Week 2 Progress Report

Hi, this is my week 2 Progress report.

Tasks Done:

  1. Created the Encrypter Game.

https://github.com/AnirbanBanik1998/Modern_Speak_and_Spell/commit/86f1e7b66fdd3ed03037384d708ded126433bbeb

  1. Worked on the sample audio files provided to me…to generate decoding accuracy statistics…

https://github.com/AnirbanBanik1998/Modern_Speak_and_Spell/commit/e1aac8692cf5eec0a6e1f02fbf16858ee74a9ddb

https://github.com/AnirbanBanik1998/Modern_Speak_and_Spell/commit/24197352a003dfb7a71ace89cacdfabce07add46

  1. Working on updating the language model based on the results at each time.

  2. Split up the entire language model into commands and characters…so that the accuracy is increased further. Switching between those language models from time to time according to the task being done.

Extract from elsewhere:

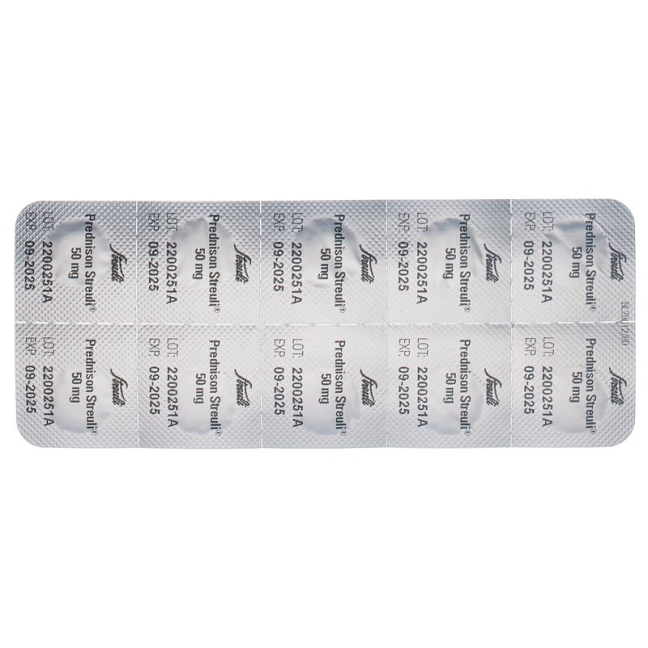 Prednison Streuli 50 mg 20 tablets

https://github.com/AnirbanBanik1998/Modern_Speak_and_Spell/commit/6a7a98672ae50ae92fbf70048b46ea91737324b3

  1. Updated documentation for the entire project.

Issues Faced:

  1. Accuracy of decoding is not up to the mark…having no problem with the commands…but can’t recognize characters. For some…like X, Y and Z the accuracy is 0% which is really bad.

  2. The updated dictionary too… would work only for the given input audio files…and may not be efficient for others.

I am thinking of discarding the idea of updating the model…and instead work on improving the prediction capacity…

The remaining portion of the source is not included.